Historically, chess and religion did not co-exist harmoniously. Chess was seen as a game that contradicted many religious beliefs and practices and was prohibited by Judaism, Islam, the Roman Catholic Church, Anglicans, the Puritans, and the Taliban, among others.

Although many religious groups banned chess, especially during the Middle Ages, some restrictions related to the game still applied as recently as the 1980s and 90s. 
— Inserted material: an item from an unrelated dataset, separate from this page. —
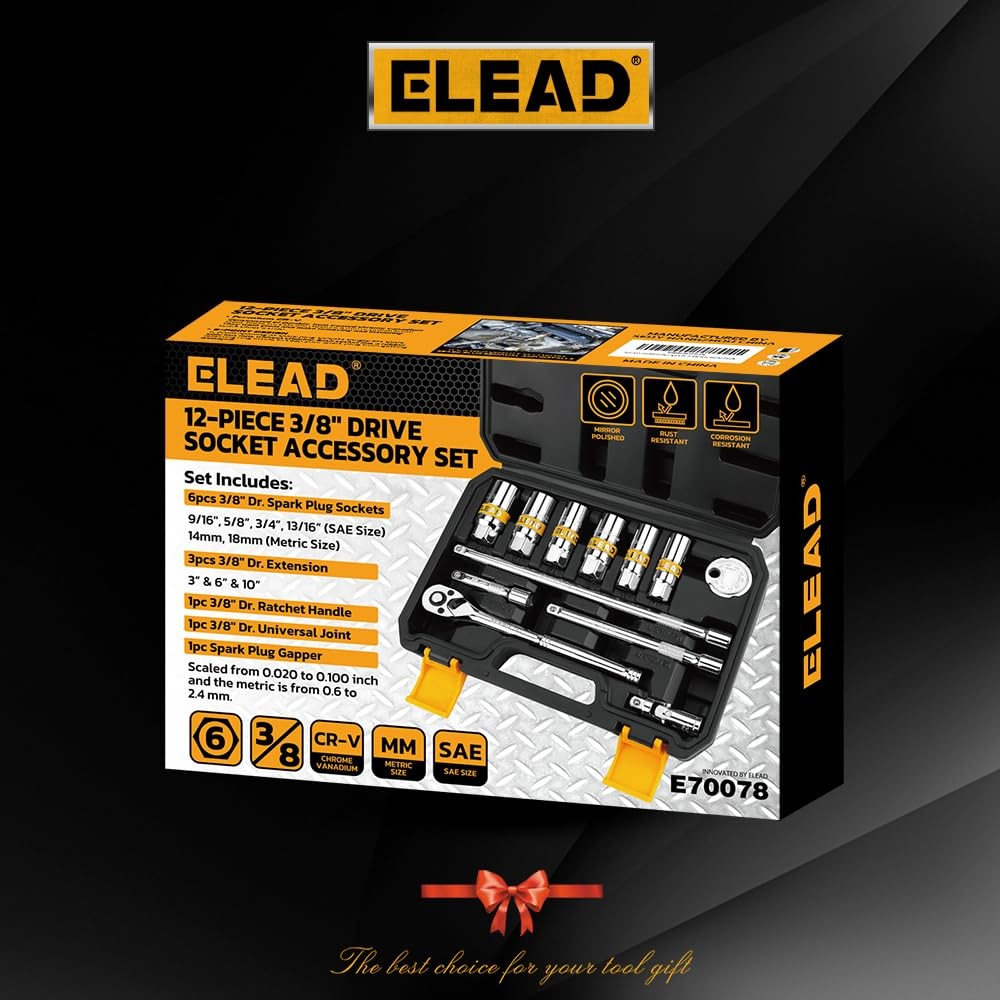 12-Piece 3/8" Drive Spark Plug Socket Set with Ratchet Handle, Universal Join...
Chess and religion: These are 20 facts and events:

1. Islam Disapproved of Chess in 650 AD

An early form of chess, known as shatranj, was introduced in Persia around 644 AD. About six years after, Mohammad’s son-in-law, Caliph Ali ibn Abi Talib, declared the game inappropriate for Muslims. It was not officially banned at this stage. Still, it was considered un-Islamic because of the graven images (chess pieces) and its connection to gambling, which was regarded as Satanic.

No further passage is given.